Christian Palmiere, expert rattaché au Centre romand de médecine légale, est catégorique: «Je n’ai jamais vu une pancréatite aiguë létale sur un jeune de 25 ans». La défaillance de cet organe, extrêmement douloureuse, peut être provoquée par un alcoolisme avancé. Christian Palmiere note qu’elle peut aussi être causée par un violent traumatisme abdominal.

L’âge surprend également le professeur Nicolas Demartine, chef du Service de chirurgie viscérale du CHUV. Il précise qu’une pancréatite aigüe provoque des douleurs insupportables: «Une personne qui en souffre réclame forcément à être conduite à l’hôpital. »

Sergey Churin est décédé chez lui, à Khotkovo, une petite ville à 60 km de Moscou. Ses derniers appels et SMS étaient adressés à Stanislav Kovtun.

Devant le peu de réaction du procureur Tappolet, c’est finalement Alexis Meleshko, l’avocat d’un des trois Russes accusés de la fraude, qui est intervenu durant l’audience. C’est lui qui a interrogé le Russe de Cologny sur le triste sort de Sergey Churin, «qui a eu le bon goût de décéder lorsque des questions sont apparues».
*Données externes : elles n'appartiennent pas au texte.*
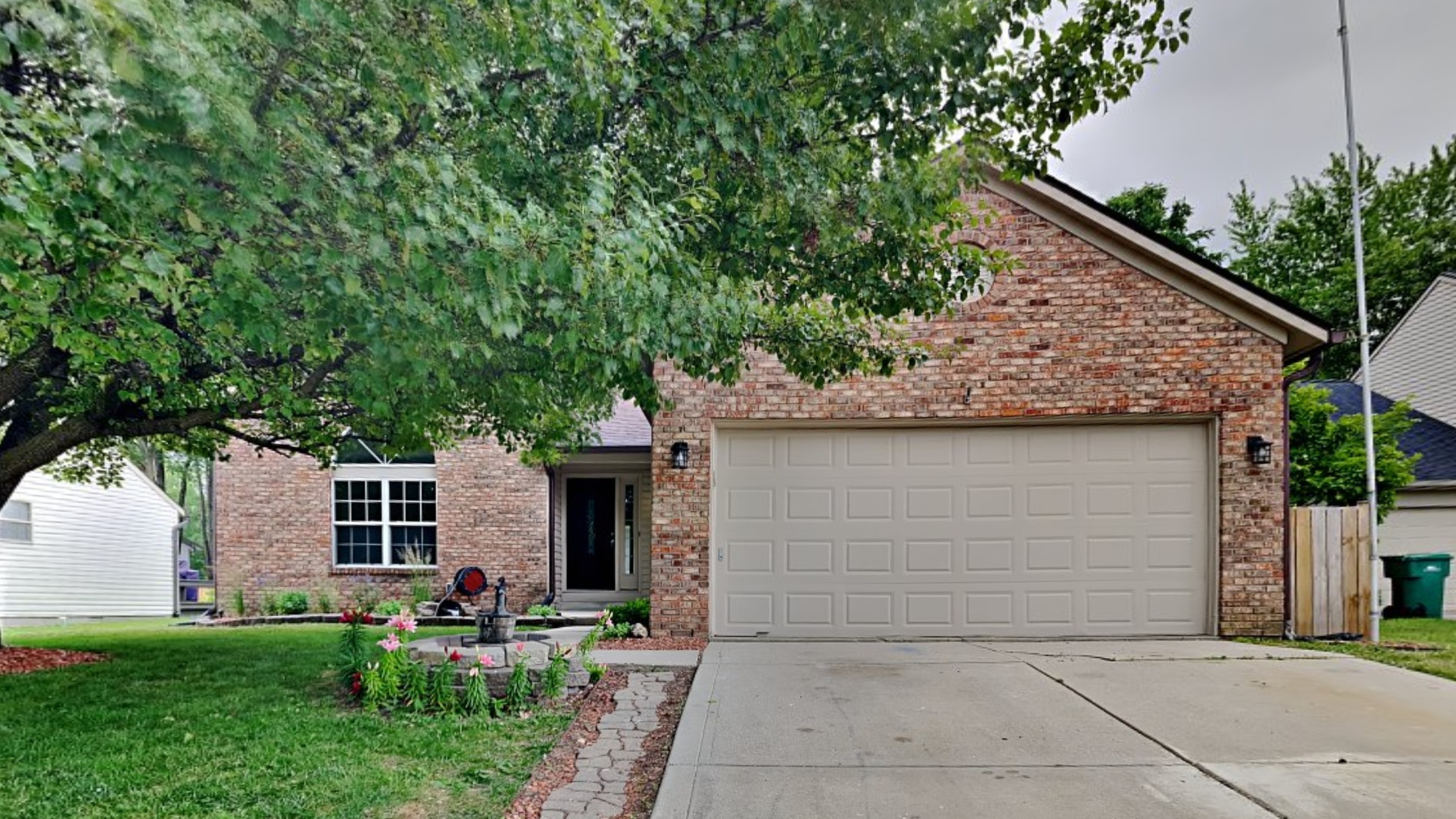 8923 Emperors Court Indianapolis IN 46234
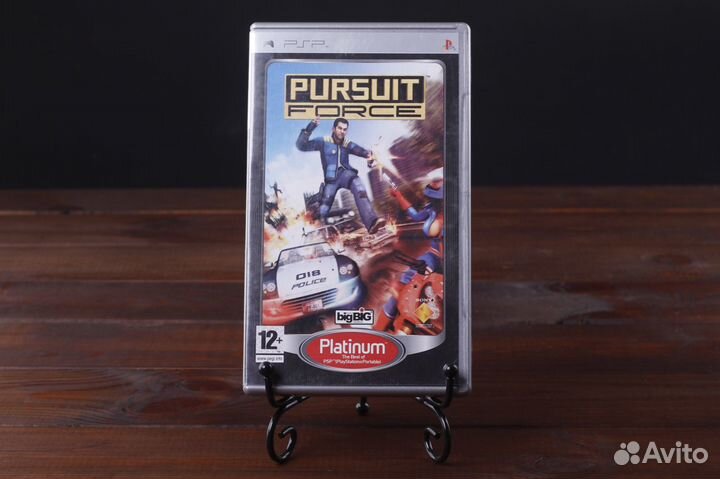 PSP Pursuit Force Эксклюзив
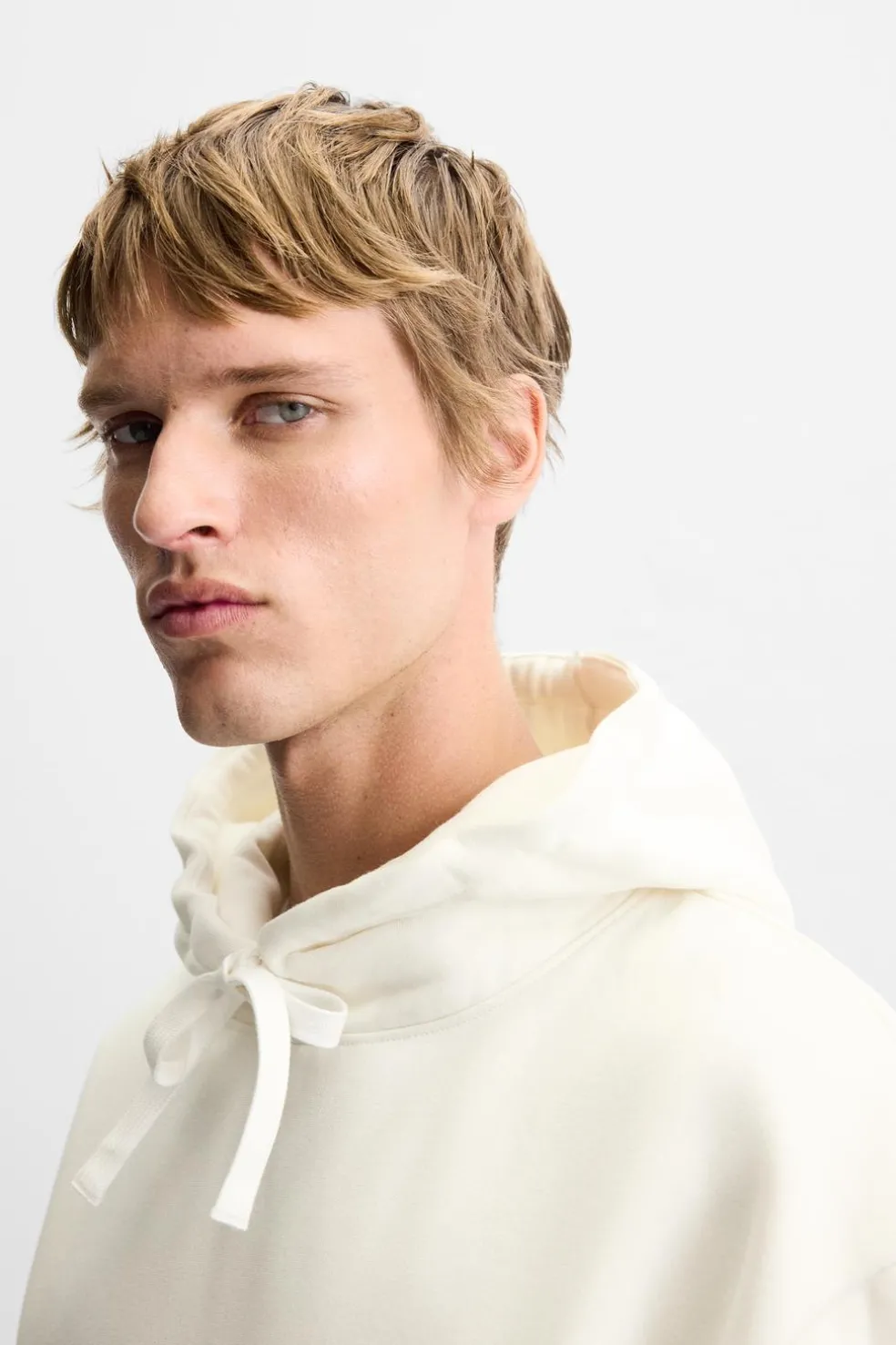 ZARA Vestuário De Inverno|Sweatshirts^SWEATSHIRT COM CAPUZ Branco-marfim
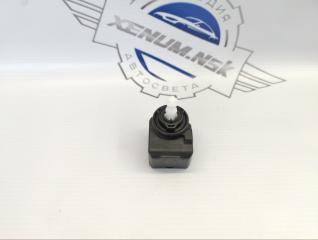 Корректор фары передний правый Mercedes-Benz E-class 2011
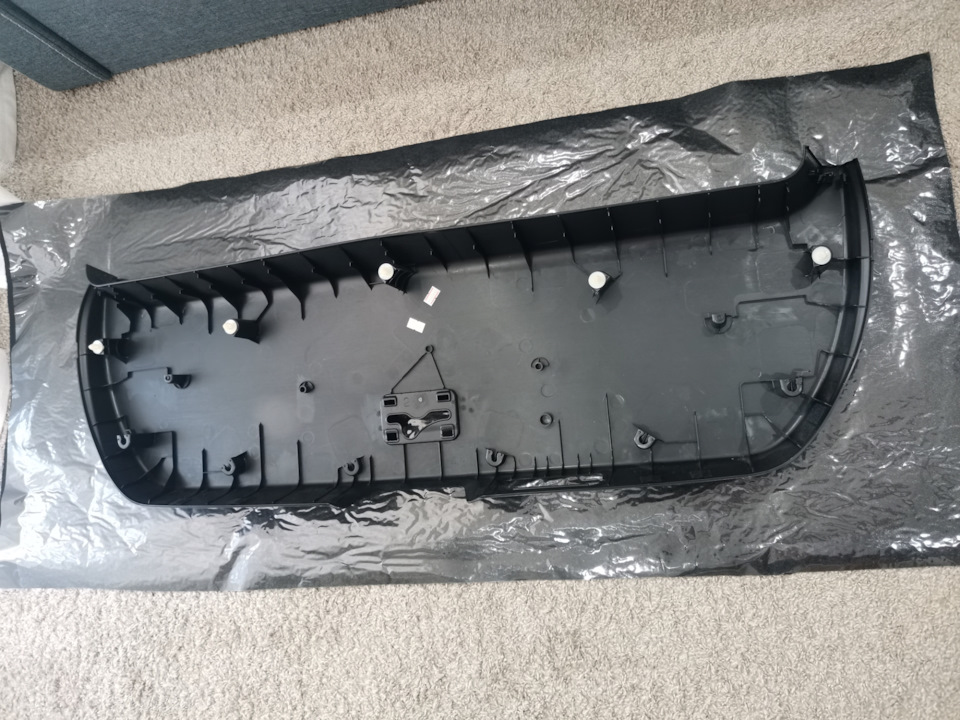 Проклейка пятой двери карпетом — Toyota Prius (50), 1,8 л, 2018 года ...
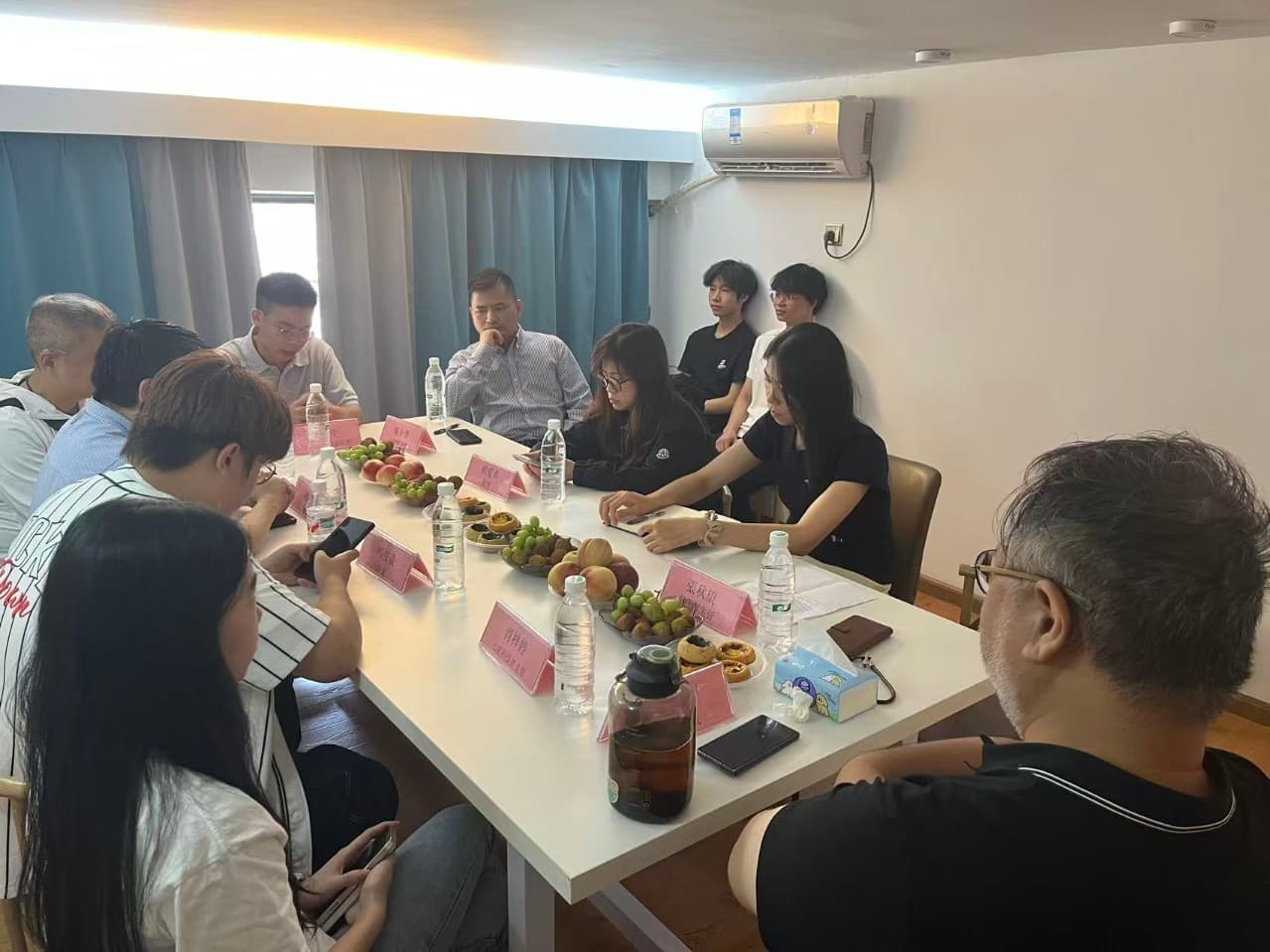 长华商务顾问（广州）有限公司正式开业！伴随首次股东大会的圆满举行，我们将以全新的面貌，全面投入商务咨询服务。

作为深耕行业的专业团队，我们专注于为客户提供战略规划、业务梳理及合规咨询等多维度的专业服务。秉持诚信、专业与卓越的原则，我们助力企业在瞬息万变的全球市场中稳健前行。期待与您建立长期伙伴关系，共同创造更大价值。
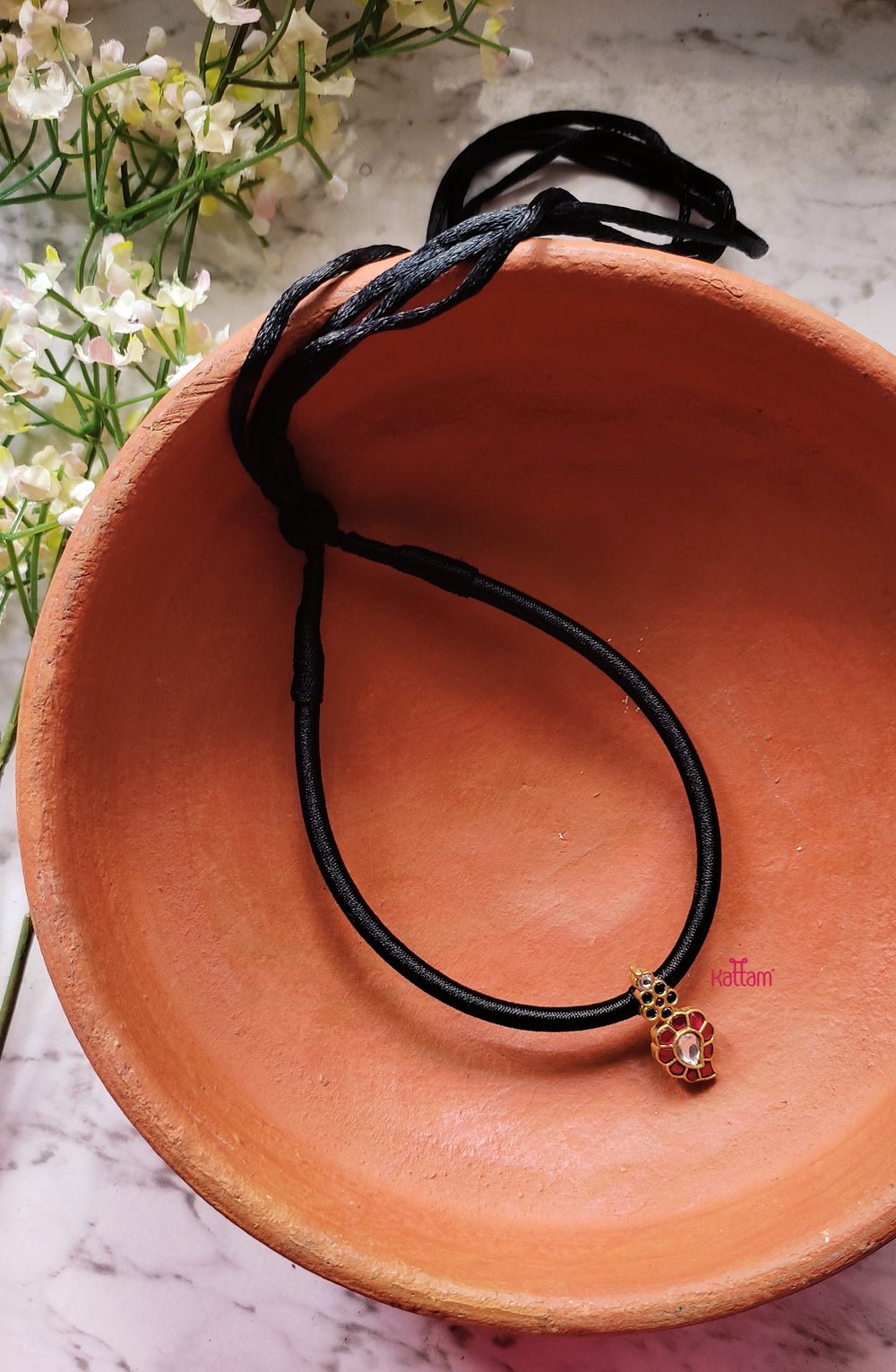 White Manga Black Thread Neckwear ( No Earring) - N807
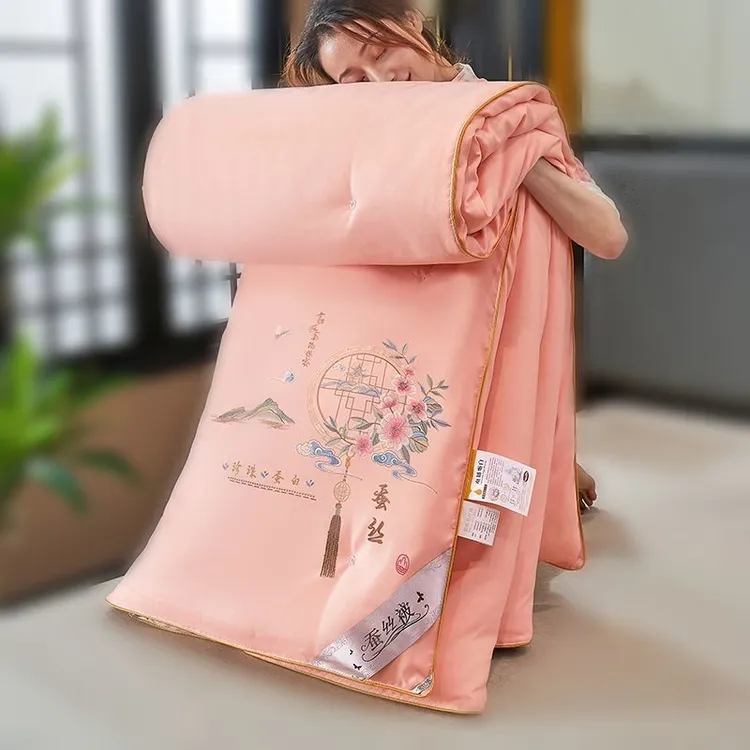 新疆包邮手工蚕丝被桑蚕丝高档绣花蚕丝被春秋被子加厚冬季被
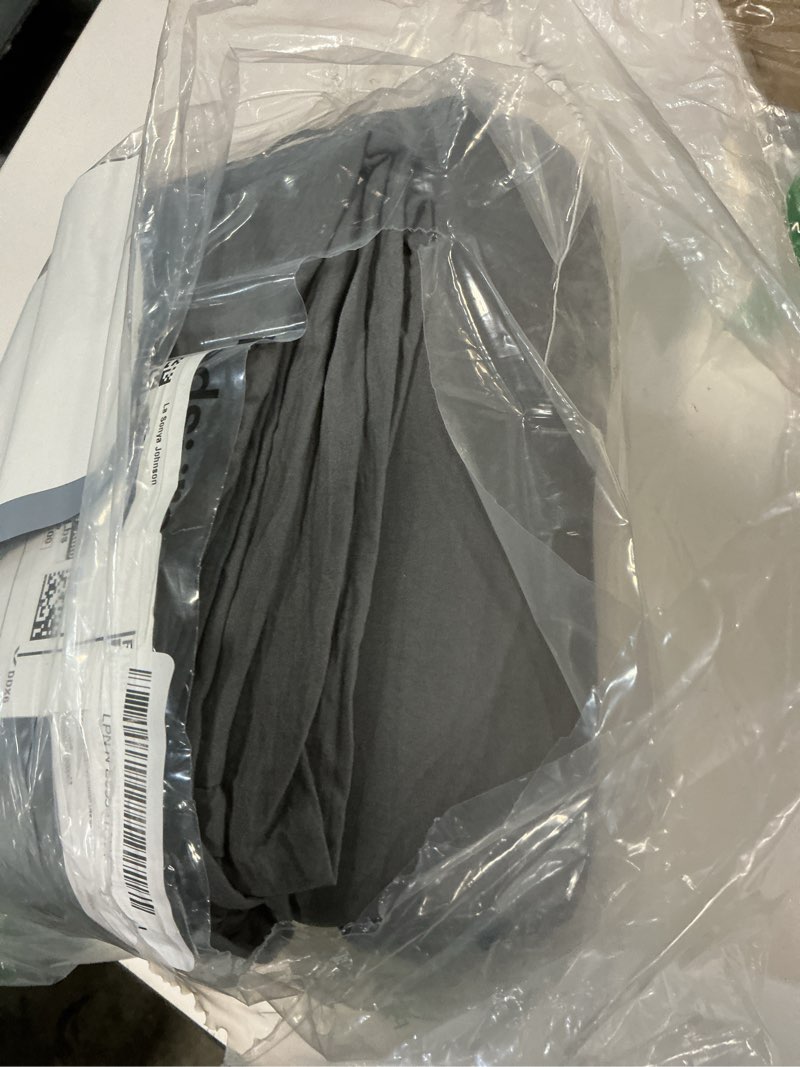 Condition photo showing Good Condition for bedsure dark grey duvet cover king size - 3 pieces prewashed cotton-like polyester extra soft bedding set, includes 1 duvet cover 104x90 inches with zipper closure & 2 pillow shams, no comforter 04 - dark grey (no comforter) king (104" x 90")
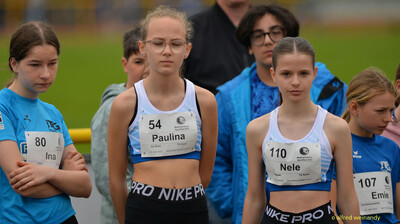 Mehrere Jugendliche mit Startnummern stehen nebeneinander und warten auf ihren Wettkampf beim Walfried-Heinz-Sportfest der TG Konz im Saar-Mosel-Stadion in Konz.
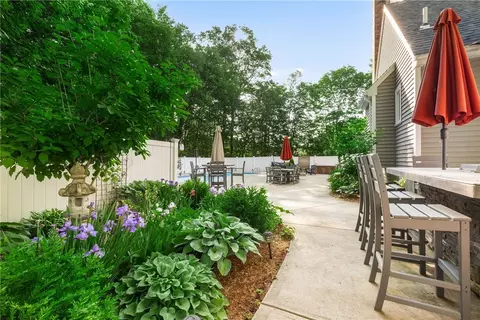 Exterior - 61 Northbridge Rd, Mendon, MA 01756 photo 6 of 8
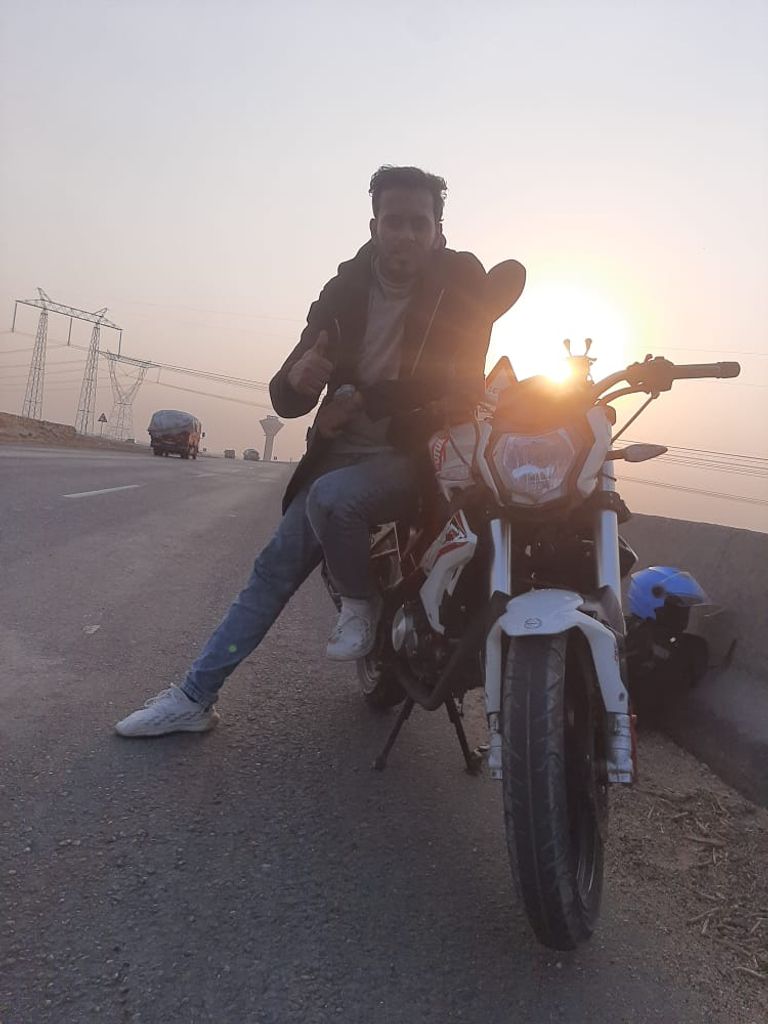 الشاب صابر براية يعمل 17 ساعة يوميًا لزيادة دخله الشاب المصري صابر براية مع دراجته النارية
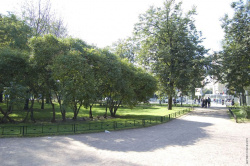 аллея Сквера Блокадников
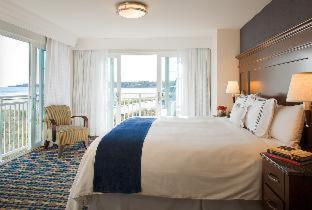 Newport & Hotel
Détenait-il des documents? Où est passé son ordinateur? «Je ne sais pas, a répondu le témoin. Après son décès, je suis allé voir dans son bureau, mais je n’ai rien trouvé. »

Marc Tappolet n’a pas souhaité s’exprimer publiquement sur l’affaire. Le Parquet de Genève considérerait que les agissements du clan Antonov relèvent de la justice lituanienne.

Stanislas Kovtun n’a pas été inquiété. A l’issue de l’audience, il a pu reprendre tranquillement ses activités au sein de Multiasset SA, la société genevoise dont il se dit «bénéficiaire économique à titre fiduciaire» pour le compte de Vladimir Antonov. Ce dernier devrait être extradé prochainement de Londres pour être jugé à Vilnius. Stanislav Kovtun n’a pas répondu à nos messages.